The information processor 1 executes compression preprocessing (Step S102). The compression preprocessing is described in detail later. The storage unit 16 stores a schema ID (P) in a document index file (Step S103). The compression unit 18 compresses data for each file (Step S104).
FIG. 33 is a flowchart illustrating an example of the compression preprocessing. The control unit 20 sets a prefix empty (Step S111). The prefix is used to hold a field name in processing to be described later. The generation unit 14 executes first generation processing (Step S112). The first generation processing is processing of generating a field ID array/schema ID tree and a schema management table, and is described in detail later. The storage unit 16 executes storage processing (Step S113). The storage processing is described in detail later.
FIG. 34 is a flowchart illustrating an example of the first generation processing. The generation unit 14 sets the processing target level to R, and sets the prefix to S (Step S200). When management table generation processing is called up for the first time, root is set in R and empty is set in S.
The generation unit 14 starts repetition processing for each field F directly under the level R (Step S201). When the document 2 of FIG. 4 is used, the field F directly under the level R represents “name”, “address”, “gender”, and “weight” if R is root, and represents “country”, “postnumber”, and “prefecture” if R is “address”.
The generation unit 14 executes second generation processing for the field F (Step S202). The second generation processing is processing of generating a field name/field ID tree and a field ID/field name table. Upon completion of the processing in Step S202 for each field F, the generation unit 14 terminates the repetition processing (Step S203).
The specification unit 12 specifies an object structure based on a combination of the field name and the data type in the object (Step S204).

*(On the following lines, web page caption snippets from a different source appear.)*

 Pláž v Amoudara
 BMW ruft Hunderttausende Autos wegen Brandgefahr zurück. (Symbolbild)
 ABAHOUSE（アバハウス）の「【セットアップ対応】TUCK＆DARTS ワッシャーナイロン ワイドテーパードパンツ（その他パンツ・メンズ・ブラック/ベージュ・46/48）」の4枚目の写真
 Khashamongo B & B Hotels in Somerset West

The generation unit 14 uses the generated field name/field ID tree and field ID/field name table to generate a field ID array, and sets the generated field ID array as J (Step S205).
The generation unit 14 determines whether or not the field ID array/schema ID tree includes the generated field ID array (J) (Step S206). When the generation unit 14 determines that there is no field ID array (J) (NO in Step S206), the setting unit 13 sets a schema ID for the field ID array (J) and sets a field number for a pair of the field name and the data type of each data in the object (Step S207). As described above, the field ID array (J) is an array representing the structure of the object.

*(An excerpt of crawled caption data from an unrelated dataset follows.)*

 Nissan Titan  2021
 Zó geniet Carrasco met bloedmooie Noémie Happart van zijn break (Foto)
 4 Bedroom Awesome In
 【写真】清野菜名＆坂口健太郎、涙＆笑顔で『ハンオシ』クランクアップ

The generation unit 14 generates a field ID array/schema ID tree and a schema management table, to which the field ID array (J) is added (Step S208). When determining that there is the field ID array (J) (YES in Step S206), the generation unit 14 terminates the processing.
Since no field ID array/schema ID tree is generated in the first round of processing, the generation unit 14 skips Step S206 and executes Steps S207 and S208.
FIG. 35 is a flowchart illustrating an example of the second generation processing. It is determined whether or not the field F is a basic data type (Step S301). When the field F is not the basic data type (NO in Step S301), it is determined whether or not the field F is a predetermined type of array (Step S302). The predetermined type of array is the basic data type array or object type array described above.
If YES in Step S301 or Step S302, it is checked if the field name/field ID tree includes the field name of the field F (Step S303). When the field name/field ID tree does not include the field name (NO in Step S303), the setting unit 13 sets “field name of S. F” as the field name, and sets the field ID corresponding to the field name (Step S304). When Step S304 is called up for the first time, the setting unit 13 sets the field name of the field F without change since S is empty.
Then, the generation unit 14 adds the field name and the field ID set for the field F to the field name/field ID tree and the field ID/field name table (Step S305).
When the field name/field ID tree includes the field name of the field F (YES in Step S303), the processing is terminated.
If NO in Step S302, it is determined whether or not the field F is the object type (Step S306). When the field F is not the object type (NO in Step S306), the information processor 1 stops the processing since the data is not the processing target data (Step S307).
When the field F is the object type (YES in Step S306), the setting unit 13 sets F as the processing target level and sets “field name of S. F” as the prefix (Step S309). Then, the generation unit 14 recursively calls up the first generation processing (Step S310).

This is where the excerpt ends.